--- ACTIVITY ---
Given the records below, would you repeat exactly the lines that begin at the one containing "VP-CAM, 2006 Dassault" and end at the one containing "Photo 8 of 2015", inclusive?

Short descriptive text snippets
══════════

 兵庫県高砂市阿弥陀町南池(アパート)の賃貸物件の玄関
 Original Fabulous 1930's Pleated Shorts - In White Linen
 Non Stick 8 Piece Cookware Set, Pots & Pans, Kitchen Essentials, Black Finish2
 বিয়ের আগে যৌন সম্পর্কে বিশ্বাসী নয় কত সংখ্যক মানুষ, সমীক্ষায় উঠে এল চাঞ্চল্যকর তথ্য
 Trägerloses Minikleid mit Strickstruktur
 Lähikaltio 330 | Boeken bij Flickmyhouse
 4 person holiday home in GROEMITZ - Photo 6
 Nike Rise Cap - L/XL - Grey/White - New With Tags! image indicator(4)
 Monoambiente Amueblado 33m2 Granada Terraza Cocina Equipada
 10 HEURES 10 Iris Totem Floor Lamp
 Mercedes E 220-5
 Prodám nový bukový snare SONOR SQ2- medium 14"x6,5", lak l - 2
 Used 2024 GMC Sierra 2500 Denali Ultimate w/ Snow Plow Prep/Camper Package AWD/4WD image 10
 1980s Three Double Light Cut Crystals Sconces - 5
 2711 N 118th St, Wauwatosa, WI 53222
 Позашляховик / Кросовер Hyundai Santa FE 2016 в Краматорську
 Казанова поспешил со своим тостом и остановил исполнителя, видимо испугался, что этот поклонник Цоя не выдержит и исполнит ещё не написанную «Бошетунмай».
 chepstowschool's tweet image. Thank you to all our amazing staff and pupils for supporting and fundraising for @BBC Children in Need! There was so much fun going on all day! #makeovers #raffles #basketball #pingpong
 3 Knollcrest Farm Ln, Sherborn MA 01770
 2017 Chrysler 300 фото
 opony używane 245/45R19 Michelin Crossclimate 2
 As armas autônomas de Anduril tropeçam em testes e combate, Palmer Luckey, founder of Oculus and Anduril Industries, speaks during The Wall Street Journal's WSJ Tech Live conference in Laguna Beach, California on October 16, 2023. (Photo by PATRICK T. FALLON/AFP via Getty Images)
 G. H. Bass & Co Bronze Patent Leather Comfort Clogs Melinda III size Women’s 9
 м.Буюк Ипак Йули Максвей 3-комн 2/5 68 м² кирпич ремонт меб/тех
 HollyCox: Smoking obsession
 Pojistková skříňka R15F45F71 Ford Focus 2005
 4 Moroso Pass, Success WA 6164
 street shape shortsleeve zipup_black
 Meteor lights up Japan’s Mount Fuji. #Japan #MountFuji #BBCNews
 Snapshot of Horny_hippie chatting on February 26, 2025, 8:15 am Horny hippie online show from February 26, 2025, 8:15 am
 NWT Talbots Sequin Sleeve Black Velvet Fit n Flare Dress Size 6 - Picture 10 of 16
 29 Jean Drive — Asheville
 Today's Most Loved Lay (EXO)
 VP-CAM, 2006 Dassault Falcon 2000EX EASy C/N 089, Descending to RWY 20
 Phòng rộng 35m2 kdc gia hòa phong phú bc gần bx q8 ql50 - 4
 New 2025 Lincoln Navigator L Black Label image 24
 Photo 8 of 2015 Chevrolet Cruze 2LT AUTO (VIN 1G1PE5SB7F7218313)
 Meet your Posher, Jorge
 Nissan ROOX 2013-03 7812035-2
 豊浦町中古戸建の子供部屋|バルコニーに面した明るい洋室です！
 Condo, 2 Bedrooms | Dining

══════════

--- RESULT FOR THIS EXERCISE ---
 VP-CAM, 2006 Dassault Falcon 2000EX EASy C/N 089, Descending to RWY 20
 Phòng rộng 35m2 kdc gia hòa phong phú bc gần bx q8 ql50 - 4
 New 2025 Lincoln Navigator L Black Label image 24
 Photo 8 of 2015 Chevrolet Cruze 2LT AUTO (VIN 1G1PE5SB7F7218313)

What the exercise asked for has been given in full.